RECORDS →
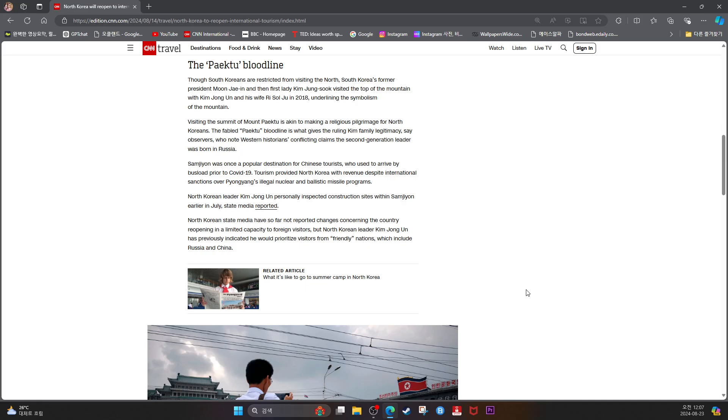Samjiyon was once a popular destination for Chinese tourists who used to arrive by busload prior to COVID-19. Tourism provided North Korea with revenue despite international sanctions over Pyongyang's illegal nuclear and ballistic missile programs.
...
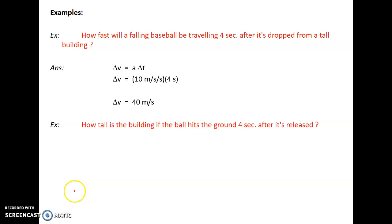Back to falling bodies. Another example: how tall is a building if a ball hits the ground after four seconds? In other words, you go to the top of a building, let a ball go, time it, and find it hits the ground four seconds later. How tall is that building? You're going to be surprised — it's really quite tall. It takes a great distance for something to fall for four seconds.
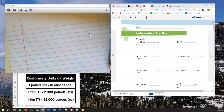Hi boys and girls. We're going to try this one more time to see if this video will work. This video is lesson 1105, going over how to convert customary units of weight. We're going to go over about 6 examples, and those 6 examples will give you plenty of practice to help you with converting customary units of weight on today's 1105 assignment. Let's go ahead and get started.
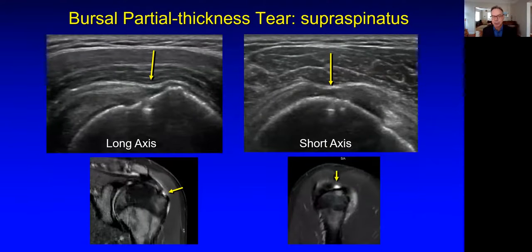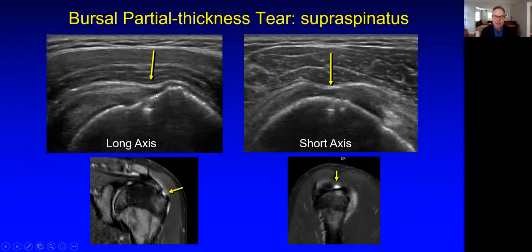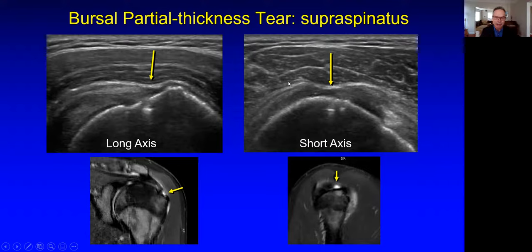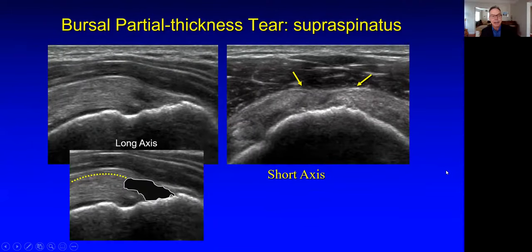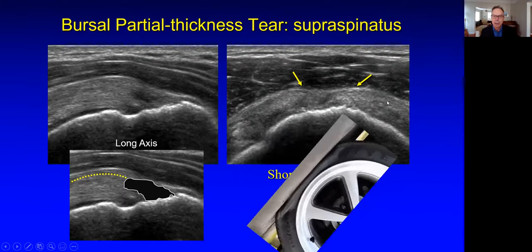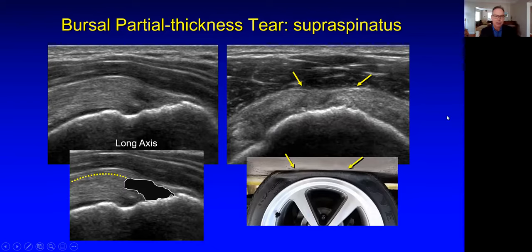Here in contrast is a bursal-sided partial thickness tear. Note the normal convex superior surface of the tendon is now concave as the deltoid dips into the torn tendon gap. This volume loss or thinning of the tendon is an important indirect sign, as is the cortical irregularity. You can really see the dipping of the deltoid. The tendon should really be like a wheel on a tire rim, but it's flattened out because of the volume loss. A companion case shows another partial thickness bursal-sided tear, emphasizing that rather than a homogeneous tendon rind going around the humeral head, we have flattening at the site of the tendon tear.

INSTRUCTIONS FOR THE TASK → Print an exact copy of the lines above, from the one containing "Back to falling" through the one containing "Hi boys and", and leave out the pictures.

EXERCISE OUTPUT →
Back to falling bodies. Another example: how tall is a building if a ball hits the ground after four seconds? In other words, you go to the top of a building, let a ball go, time it, and find it hits the ground four seconds later. How tall is that building? You're going to be surprised — it's really quite tall. It takes a great distance for something to fall for four seconds.
Hi boys and girls. We're going to try this one more time to see if this video will work. This video is lesson 1105, going over how to convert customary units of weight. We're going to go over about 6 examples, and those 6 examples will give you plenty of practice to help you with converting customary units of weight on today's 1105 assignment. Let's go ahead and get started.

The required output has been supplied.